Un document du 20 février 1942 prouve que le KZ est bien un camp d'initiative SS, créé à l'occasion de la prise de Dantzig, dans les mêmes conditions que s'étaient créés les camps SA et SS lors de la prise du pouvoir. Pourtant Stutthof est déjà reconnu comme camp national dans la classification de Heydrich du 28 août 1940. C'est le 20 février 1942 que le Sonderlager de Stutthof est transformé en camp de concentration national. Il passe alors de la catégorie 2 à la catégorie 1 dans la classification de Heydrich. Son premier commandant est le SS Pauly (le futur commandant de Neuengamme), auquel succédera Paul Werner Hoppe. L'administration du camp de Stutthof est rigoureusement identique à celle des autres KZ. Elle est confiée aux SS.

Les déportés de Stutthof sont pour 90 % des politiques et pour 10 % seulement des criminels allemands de droit commun. Les juifs, traités différemment, constituent un groupe à part. Il existe encore à Stutthof un groupe de prisonniers allemands internés dans un but de " rééducation par le travail ", ainsi que des " prisonniers d'honneur " (Ehrenhäflinge) logés séparément et non astreints au travail, qui sont surtout des intellectuels lituaniens et lettons antinazis.

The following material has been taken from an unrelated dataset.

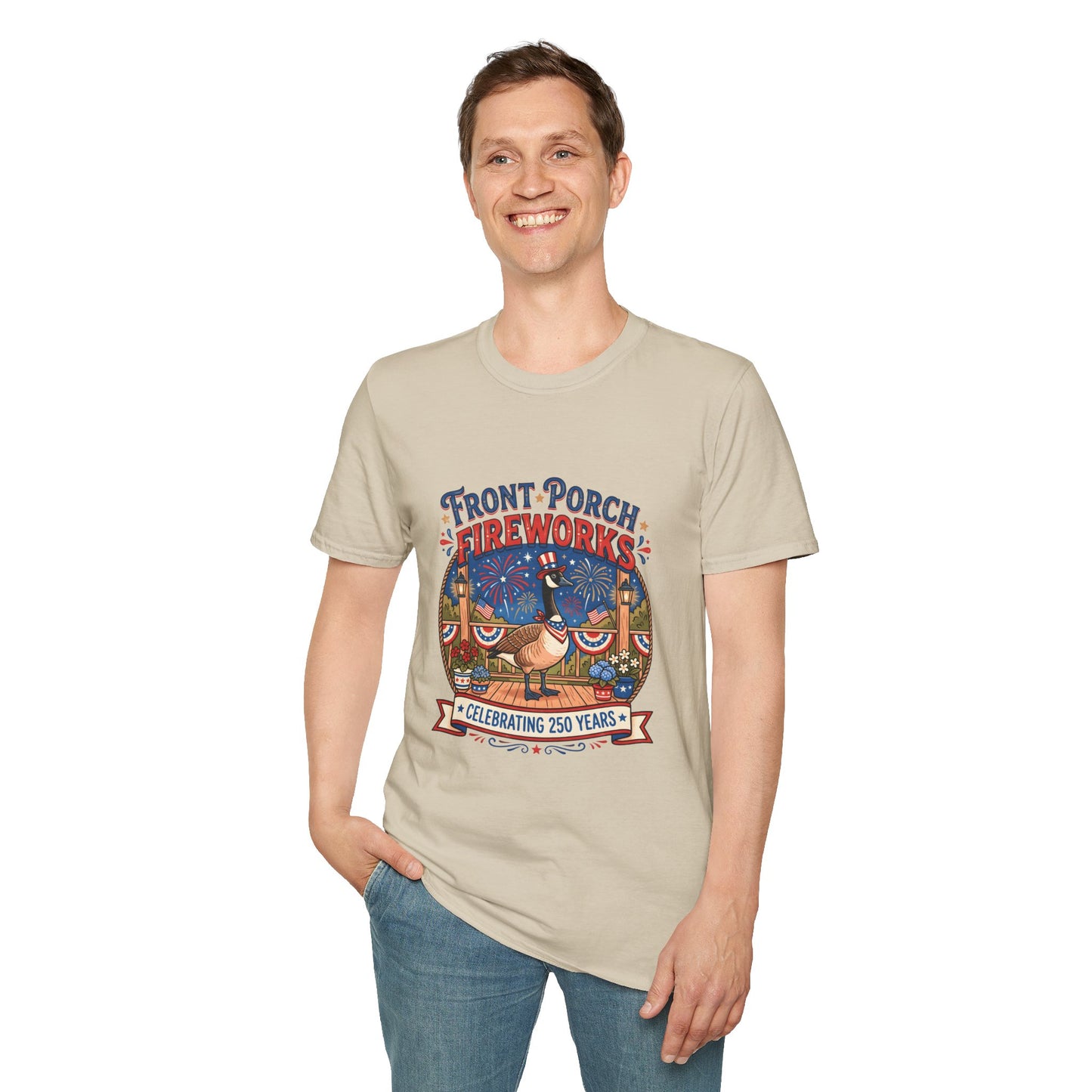 Front Porch Fireworks, Goose T-Shirt — Patriotic 4th of July Celebration Tee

La Commission générale d'enquête sur les crimes allemands en Pologne écrit dans son rapport: " L'instruction n'a pu établir avec précision la catégorie des prisonniers habitant le camp spécial et appelée " Haudegen " dans les actes du camp. En tout cas, les prisonniers de cette catégorie jouissaient d'un traitement de faveur, vivant dans des conditions presque normales en compagnie de leur famille. Les témoins supposent qu'il s'agissait d'un groupe d'officiers supérieurs allemands hostiles au régime hitlérien. "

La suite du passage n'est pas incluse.